Let's talk about the elephant in the room: The Storj economic model (node operator payout model)

The “grinding node operators to a pulp” was a joke @john made in response to me addressing the discussion in this topic during the last Twitter space. It’s worth listening to his response, because I think he echoes exactly the sentiment you’re expressing. My question starts at around the 20 minute mark.
https://twitter.com/storj/status/1588607064955588608

It’s about a 10 minute response that while not containing specifics, does very clearly state Storj’s attitude towards the current situation and goals.

Tomorrow there is another Twitter spaces planned if you want to ask your own followup questions. Unfortunately I can’t make it this time, but it would be awesome if other node operators could chime in.

I’ll be sure to listen back afterwards.

That was the whole point in mentioning numbers. To make that response very clear.

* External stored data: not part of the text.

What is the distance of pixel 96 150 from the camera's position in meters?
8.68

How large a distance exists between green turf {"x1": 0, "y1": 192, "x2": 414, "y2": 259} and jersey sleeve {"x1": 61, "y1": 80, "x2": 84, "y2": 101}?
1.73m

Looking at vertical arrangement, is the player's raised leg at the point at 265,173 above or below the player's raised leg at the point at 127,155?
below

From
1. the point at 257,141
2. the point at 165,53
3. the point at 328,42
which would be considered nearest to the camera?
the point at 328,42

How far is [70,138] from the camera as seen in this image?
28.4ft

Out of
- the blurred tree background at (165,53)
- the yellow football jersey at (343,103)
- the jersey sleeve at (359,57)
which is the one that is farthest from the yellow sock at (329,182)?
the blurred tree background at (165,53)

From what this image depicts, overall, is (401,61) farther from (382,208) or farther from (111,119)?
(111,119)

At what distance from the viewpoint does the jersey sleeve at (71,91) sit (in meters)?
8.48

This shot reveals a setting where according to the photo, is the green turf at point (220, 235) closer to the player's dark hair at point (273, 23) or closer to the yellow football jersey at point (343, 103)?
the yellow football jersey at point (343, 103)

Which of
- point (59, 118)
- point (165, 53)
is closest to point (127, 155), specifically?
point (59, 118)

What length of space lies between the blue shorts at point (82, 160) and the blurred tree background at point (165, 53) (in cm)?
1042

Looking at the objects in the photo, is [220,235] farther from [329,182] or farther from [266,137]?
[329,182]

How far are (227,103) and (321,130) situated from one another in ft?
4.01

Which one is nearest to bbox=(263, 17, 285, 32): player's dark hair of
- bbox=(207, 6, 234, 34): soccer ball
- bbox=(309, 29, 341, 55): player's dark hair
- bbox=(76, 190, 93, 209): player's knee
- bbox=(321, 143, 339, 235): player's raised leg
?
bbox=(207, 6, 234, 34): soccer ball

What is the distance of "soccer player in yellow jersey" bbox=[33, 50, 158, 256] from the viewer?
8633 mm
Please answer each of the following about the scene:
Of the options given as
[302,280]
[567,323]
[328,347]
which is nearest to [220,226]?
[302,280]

And I think in balance this topic shows that $1/$5 is not acceptable for too many nodes.

I can make some calculations to show what it would actually look like. But you would only have to build up to that $66 while your node grows. Most months you wouldn’t have the full 50% held back because your node doesn’t yet have to build more collateral. Let me get back to that in a bit. But I see your point. I would like to say that some other networks have you stake tokens upfront, which is much more of a hurdle. I like that storj doesn’t require that to begin with and just uses held back payouts. It would also be possible to lower this requirement for long term reliable nodes. Say pay back half after a year of running your node and only require $5 per TB after that. These knobs can be tweaked so it makes sense for everyone.